Rz. 463
Neben den bestehenden Verständigungs- und Schiedsverfahren auf Basis von DBA und der EU-Schiedskonvention, bietet das EU-Streitbeilegungsgesetz eine zusätzliche Möglichkeit zur Vermeidung von Doppelbesteuerung bei Streitfällen zwischen EU-Mitgliedstaaten. Dieses Gesetz setzt die EU-Streitbeilegungsrichtlinie um und deckt alle grenzüberschreitenden Sachverhalte innerhalb der EU ab, die potenziell zu Doppelbesteuerungen führen können. Es zeichnet sich durch festgelegte Fristen aus, die das Verfahren beschleunigen und so schneller zu rechtlicher Klarheit für die Steuerpflichtigen führen.
Rz. 464
Das Verfahren nach dem EU-Streitbeilegungsgesetz ist dreistufig: Zuerst wird eine Streitbeilegungsbeschwerde bei den beteiligten Behörden eingereicht, die über die Zulassung entscheiden. Bei Uneinigkeit kann ein Beratender Ausschuss angerufen werden.

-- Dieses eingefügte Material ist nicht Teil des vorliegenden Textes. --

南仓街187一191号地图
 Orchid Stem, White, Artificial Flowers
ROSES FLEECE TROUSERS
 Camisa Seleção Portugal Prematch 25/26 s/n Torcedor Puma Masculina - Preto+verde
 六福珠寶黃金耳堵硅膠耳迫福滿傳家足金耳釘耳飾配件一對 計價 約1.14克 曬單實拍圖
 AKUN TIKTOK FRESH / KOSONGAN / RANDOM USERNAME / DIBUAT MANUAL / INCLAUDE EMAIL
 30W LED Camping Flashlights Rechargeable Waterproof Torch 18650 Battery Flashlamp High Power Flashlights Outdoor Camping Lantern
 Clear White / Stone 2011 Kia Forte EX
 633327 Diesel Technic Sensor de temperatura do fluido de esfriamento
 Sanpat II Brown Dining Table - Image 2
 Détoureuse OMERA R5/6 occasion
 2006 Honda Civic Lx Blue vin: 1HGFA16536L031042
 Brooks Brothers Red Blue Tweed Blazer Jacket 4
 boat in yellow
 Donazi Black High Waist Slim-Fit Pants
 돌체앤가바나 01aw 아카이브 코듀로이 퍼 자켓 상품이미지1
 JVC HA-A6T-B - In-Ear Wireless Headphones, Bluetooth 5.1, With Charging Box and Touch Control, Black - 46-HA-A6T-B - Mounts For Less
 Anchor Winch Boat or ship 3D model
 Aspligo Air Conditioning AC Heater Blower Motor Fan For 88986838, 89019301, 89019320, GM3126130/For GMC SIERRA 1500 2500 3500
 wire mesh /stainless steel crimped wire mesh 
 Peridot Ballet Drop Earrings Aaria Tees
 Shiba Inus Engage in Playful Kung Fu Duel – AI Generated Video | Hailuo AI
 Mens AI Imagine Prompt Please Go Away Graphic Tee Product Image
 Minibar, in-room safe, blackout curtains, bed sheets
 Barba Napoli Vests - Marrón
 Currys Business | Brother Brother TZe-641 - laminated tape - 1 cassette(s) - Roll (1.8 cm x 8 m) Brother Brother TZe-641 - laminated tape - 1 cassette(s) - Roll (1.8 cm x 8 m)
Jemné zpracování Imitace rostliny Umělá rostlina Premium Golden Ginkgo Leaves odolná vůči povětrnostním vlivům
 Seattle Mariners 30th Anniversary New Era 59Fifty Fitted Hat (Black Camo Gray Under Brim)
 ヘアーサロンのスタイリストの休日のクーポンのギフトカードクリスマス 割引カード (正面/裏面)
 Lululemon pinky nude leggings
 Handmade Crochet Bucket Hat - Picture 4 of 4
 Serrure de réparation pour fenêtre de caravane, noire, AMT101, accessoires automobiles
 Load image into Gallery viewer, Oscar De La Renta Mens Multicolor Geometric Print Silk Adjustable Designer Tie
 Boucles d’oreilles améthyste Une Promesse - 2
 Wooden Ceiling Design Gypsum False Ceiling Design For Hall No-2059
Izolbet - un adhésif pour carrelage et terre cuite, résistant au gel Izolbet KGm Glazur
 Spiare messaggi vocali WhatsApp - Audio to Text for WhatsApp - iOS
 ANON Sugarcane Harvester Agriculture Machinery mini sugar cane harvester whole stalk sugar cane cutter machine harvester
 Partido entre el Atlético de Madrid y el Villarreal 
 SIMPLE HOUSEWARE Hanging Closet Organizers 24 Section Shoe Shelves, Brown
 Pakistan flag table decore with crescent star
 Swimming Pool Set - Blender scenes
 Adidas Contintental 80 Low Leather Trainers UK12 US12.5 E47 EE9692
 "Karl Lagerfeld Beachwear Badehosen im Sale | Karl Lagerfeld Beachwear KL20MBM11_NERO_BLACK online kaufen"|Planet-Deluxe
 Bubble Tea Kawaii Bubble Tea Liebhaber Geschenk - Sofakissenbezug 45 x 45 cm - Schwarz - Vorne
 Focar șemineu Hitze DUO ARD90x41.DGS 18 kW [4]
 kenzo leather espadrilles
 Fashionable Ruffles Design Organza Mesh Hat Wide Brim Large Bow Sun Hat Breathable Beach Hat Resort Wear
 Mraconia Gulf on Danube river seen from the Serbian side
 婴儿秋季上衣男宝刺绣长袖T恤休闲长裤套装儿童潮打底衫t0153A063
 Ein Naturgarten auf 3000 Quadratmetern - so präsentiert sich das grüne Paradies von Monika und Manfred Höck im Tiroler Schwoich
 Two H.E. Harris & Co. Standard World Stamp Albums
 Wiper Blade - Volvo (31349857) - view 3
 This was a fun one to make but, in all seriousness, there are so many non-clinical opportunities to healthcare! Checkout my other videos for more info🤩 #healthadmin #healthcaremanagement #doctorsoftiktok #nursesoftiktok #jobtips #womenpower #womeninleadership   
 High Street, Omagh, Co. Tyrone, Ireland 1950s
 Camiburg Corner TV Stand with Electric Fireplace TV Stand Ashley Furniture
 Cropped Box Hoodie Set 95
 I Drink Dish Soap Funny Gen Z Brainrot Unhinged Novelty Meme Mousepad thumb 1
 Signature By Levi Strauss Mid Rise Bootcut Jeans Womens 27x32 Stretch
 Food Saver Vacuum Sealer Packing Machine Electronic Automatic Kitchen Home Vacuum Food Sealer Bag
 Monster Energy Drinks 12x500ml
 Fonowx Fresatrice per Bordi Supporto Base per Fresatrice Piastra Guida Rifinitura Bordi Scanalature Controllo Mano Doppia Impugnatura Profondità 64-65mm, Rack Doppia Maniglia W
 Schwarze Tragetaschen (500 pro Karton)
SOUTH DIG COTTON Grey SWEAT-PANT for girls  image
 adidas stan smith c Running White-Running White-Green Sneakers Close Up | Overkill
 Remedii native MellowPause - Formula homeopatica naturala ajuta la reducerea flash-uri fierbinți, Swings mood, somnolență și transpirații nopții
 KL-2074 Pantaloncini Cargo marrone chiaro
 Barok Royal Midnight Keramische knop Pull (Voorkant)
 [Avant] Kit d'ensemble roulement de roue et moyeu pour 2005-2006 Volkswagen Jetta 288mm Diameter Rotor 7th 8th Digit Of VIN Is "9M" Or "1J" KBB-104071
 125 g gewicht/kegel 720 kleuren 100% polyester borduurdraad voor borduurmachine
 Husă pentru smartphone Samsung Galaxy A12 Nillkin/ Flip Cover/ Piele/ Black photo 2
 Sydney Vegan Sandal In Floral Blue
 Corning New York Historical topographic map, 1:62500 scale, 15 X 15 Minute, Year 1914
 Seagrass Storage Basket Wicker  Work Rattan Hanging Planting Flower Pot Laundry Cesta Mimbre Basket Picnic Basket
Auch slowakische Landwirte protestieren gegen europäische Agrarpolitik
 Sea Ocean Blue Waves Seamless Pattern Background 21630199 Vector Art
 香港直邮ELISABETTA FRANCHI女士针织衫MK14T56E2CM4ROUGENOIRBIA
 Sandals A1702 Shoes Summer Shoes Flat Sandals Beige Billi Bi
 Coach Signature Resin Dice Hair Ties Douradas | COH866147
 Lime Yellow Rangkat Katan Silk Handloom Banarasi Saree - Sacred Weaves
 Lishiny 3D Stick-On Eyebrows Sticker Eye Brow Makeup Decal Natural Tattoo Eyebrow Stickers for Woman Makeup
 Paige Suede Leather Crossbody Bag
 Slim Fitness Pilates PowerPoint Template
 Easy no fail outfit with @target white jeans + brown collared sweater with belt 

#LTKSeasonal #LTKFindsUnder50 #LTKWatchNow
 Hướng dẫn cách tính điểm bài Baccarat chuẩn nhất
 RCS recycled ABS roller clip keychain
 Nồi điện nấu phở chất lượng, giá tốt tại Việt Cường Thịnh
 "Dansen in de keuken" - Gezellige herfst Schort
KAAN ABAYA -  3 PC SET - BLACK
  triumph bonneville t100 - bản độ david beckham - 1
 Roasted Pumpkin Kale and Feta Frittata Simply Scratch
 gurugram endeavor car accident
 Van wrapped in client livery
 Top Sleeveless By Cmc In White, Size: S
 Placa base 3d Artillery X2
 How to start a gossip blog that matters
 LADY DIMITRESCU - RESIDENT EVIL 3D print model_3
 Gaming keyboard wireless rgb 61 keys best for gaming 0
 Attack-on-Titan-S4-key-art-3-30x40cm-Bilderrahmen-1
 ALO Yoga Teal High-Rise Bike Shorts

Im zweiten Schritt suchen die Behörden eine einvernehmliche Lösung, möglicherweise durch Verzicht auf Besteuerungsrechte. Kann keine Einigung erzielt werden, folgt als dritter Schritt das Schiedsverfahren, in dem der Beratende Ausschuss eine bindende Empfehlung abgibt. Die endgültige Entscheidung wird von den zuständigen Behörden getroffen, die auch von der Empfehlung abweichen können, sind aber an die Empfehlung gebunden, wenn keine Einigung innerhalb von sechs Monaten erzielt wird.
Rz. 465
Die EU-Schiedskonvention, als internationaler Vertrag, steht auf derselben rechtlichen Ebene wie Doppelbesteuerungsabkommen (DBA). Dadurch sind die Schiedsverfahren, die in der EU-Schiedskonvention und in den DBA vorgesehen sind, parallel anwendbar, ohne dass eines der Verfahren Vorrang vor dem anderen hat. Artikel 15 der EU-Schiedskonvention legt fest, dass die Umsetzung von weitergehenden Verpflichtungen aus anderen Übereinkommen nicht beeinträchtigt wird. Gemäß § 4 Abs. 5 des EU-Streitbeilegungsgesetzes führt das Einreichen einer Streitbeilegungsbeschwerde automatisch zur Beendigung anderer laufender Verfahren, die im Zusammenhang mit der Streitfrage unter den Regelungen über Verständigungs- oder Streitbeilegungsverfahren nach einem Abkommen oder Übereinkommen der Bundesrepublik Deutschland mit einem oder mehreren Mitgliedstaaten stehen.
Im Rahmen des BEPS (Base Erosion and Profit Shifting)-Projekts der OECD wurden Schwächen in den bestehenden Verständigungs- und Streitbeilegungsmechanismen, wie lange Verfahrensdauern und das teilweise Fehlen einer Einigungspflicht, thematisiert. Als Teil dieses Projekts, speziell unter Aktionspunkt 14, wurden Vorschläge zur Optimierung und effizienteren Gestaltung dieser Verfahren erarbeitet. Das daraus resultierende Multilaterale Instrument (MLI), das am 7. Juni 2017 unterzeichnet wurde, zielt darauf ab, bestehende Doppelbesteuerungsabkommen (DBA) rasch und umfassend in Bezug auf abkommensbezogene Anti-BEPS-Maßnahmen zu aktualisieren, ohne dass dafür langwierige bilaterale Neuverhandlungen jedes einzelnen DBA notwendig sind. Insbesondere in Teil VI des MLI wird die optionale Einführung eines obligatorischen Schiedsverfahrens vorgesehen.
Änderungen an einem DBA durch das MLI werden jedoch nur wirksam, wenn beide Vertragsstaaten das betreffende DBA als ein vom MLI erfasstes Steuerabkommen (Covered Tax Agreement – CTA) gemäß Art. 1 MLI benannt haben. Deutschland hat sich gemäß Art. 18 MLI für die Anwendung des Teils VI, also des Schiedsverfahrens, entschieden. Ob und inwiefern das MLI für ein bestimmtes DBA und den jeweiligen Sachverhalt anwendbar ist, muss in jedem Einzelfall gesondert geprüft werden.